Conceição Matos
Jannis Kounellis
...Mas eles Conceição vão/ lamber as botas/ comer à mão/ do novo Pina Manique/ com outra lábia/ com o mesmo tique.
Era uma canção de Zeca Afonso no marcelismo. Os que a cantaram não sabiam que Conceição era Conceição Matos, hoje recordada por uma entrevista e uma notável crónica de tortura, assinada pela jornalista Maria José Oliveira. Se todo o desrespeito pelos direitos humanos é detestável a violência organizada do Estado é a mais insuportável, sobretudo quando se faz de forma encoberta, no segredo das esquadras, nos calaboços, sem outro registo que o corpo das vítimas e aquele lugar interior onde as feridas não se apagam. A violência da PIDE/DGS tinha a cumplicidade do medo e do silêncio do país que fomos.

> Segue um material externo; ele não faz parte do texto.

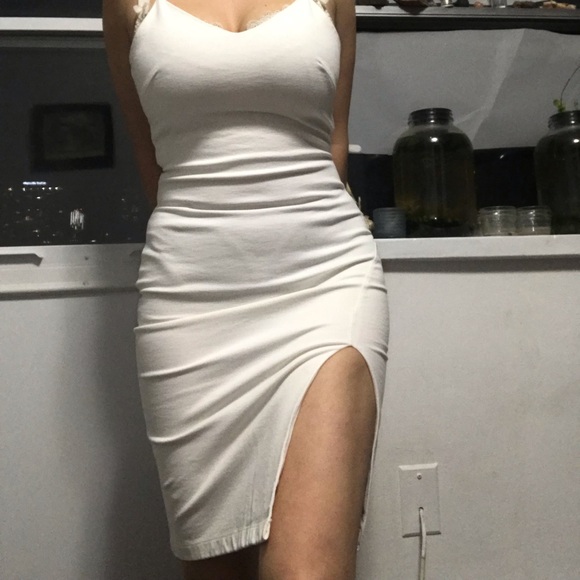 Sexy Spaghetti Strap Dress - Picture 3 of 4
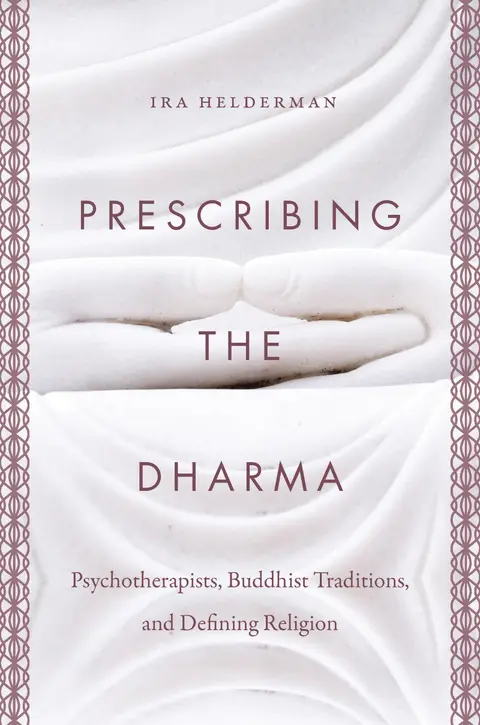 Cover of Prescribing the Dharma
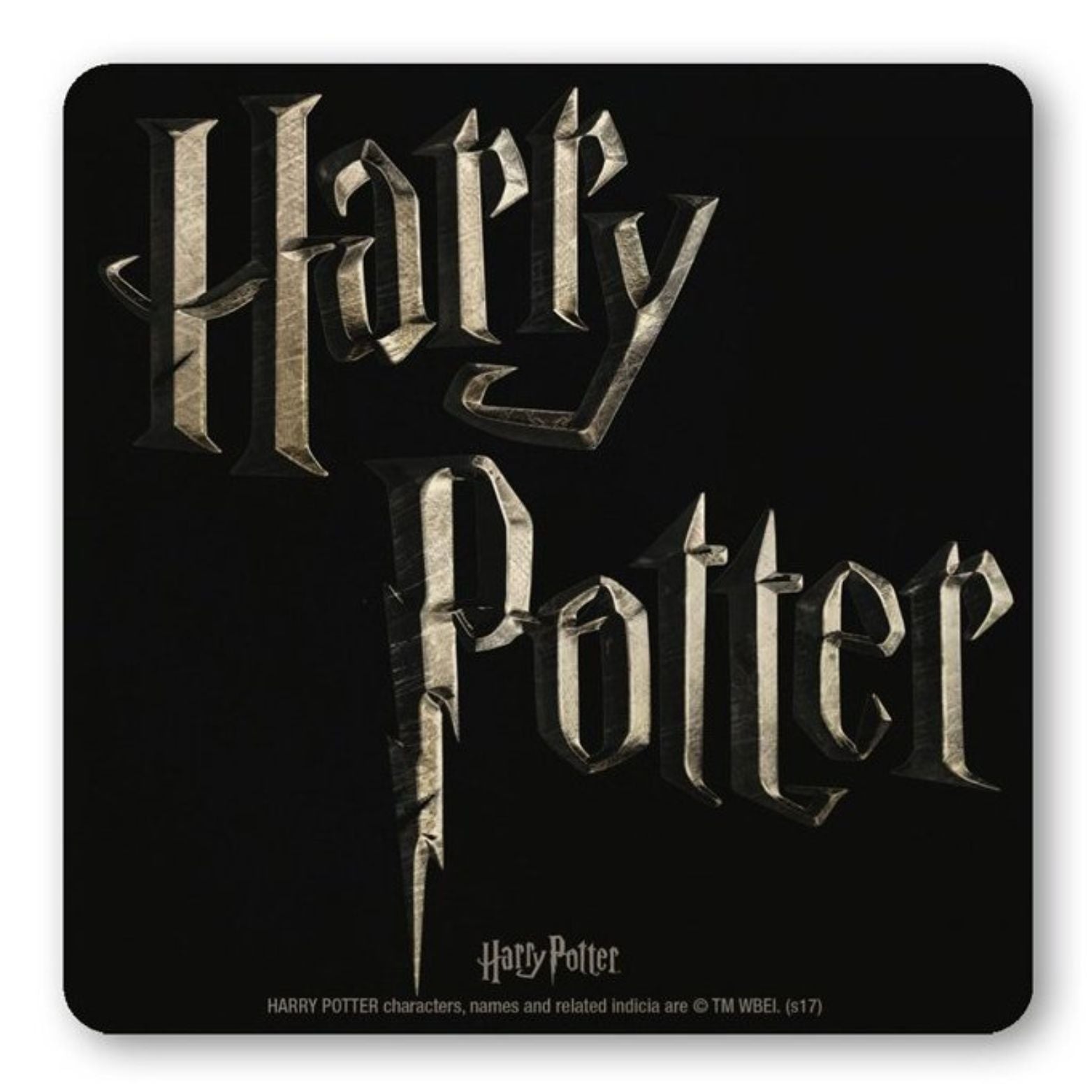 COASTER HARRY POTTER LOGO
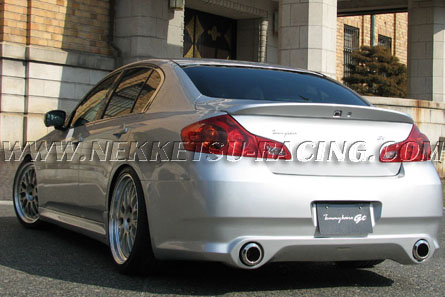 ชุดแต่งรถรอบคัน NISSAN SKYLINE SEDAN V36 TOMMYKAIRA (JAPAN)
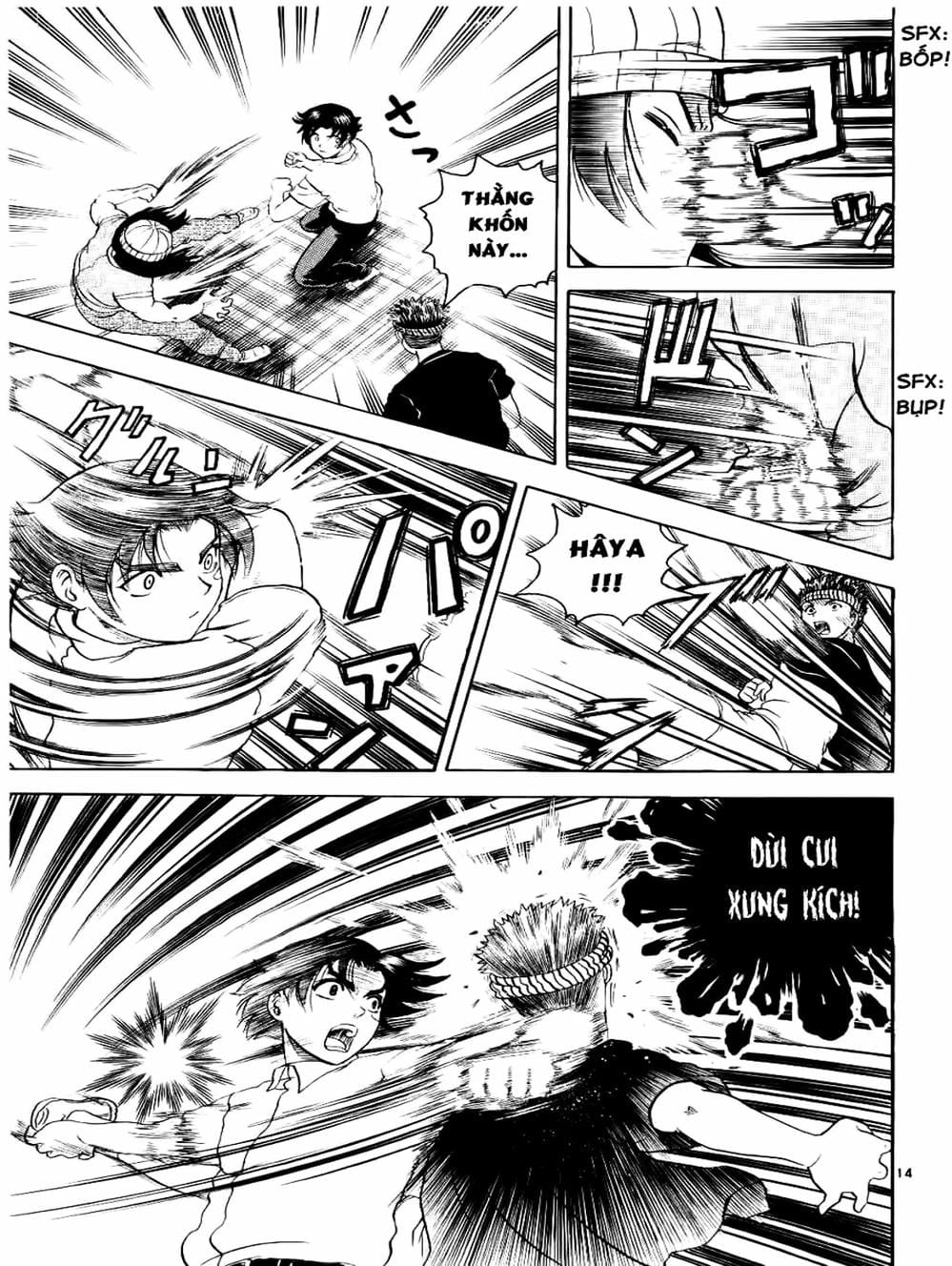 Truyện Tranh Kenichi Võ Sĩ Mạnh Nhất - History’s Strongest Disciple Kenichi trang 5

Havia juízes e magistrados, professores de Direito, de Ética e de Filosofia nas Faculdades, padres e bispos nas igrejas de Portugal. Vigorava em quase toda a Europa a carta de cidadania que os vencedores da segunda guerra tinham declarado e sopravam ventos novos de Berkeley, Berlin e Paris. Mas aqui, nos dias de tortura de Conceição, e nos dias e anos que se seguiram, pesava como chumbo o silêncio e o medo. Conceição Matos tinha duas fés. Perdeu uma às mãos dos seus verdugos. A outra, quero crer que a mantém. Apesar de provavelmente à mesma hora, em cárceres que nunca foram nomeados, gente anónima ser violentada por verdugos tão repelentes como os esbirros de Caetano. Seja como for, a coragem individual de Conceição Matos é um património da nossa dignidade, da história do outro país que também somos.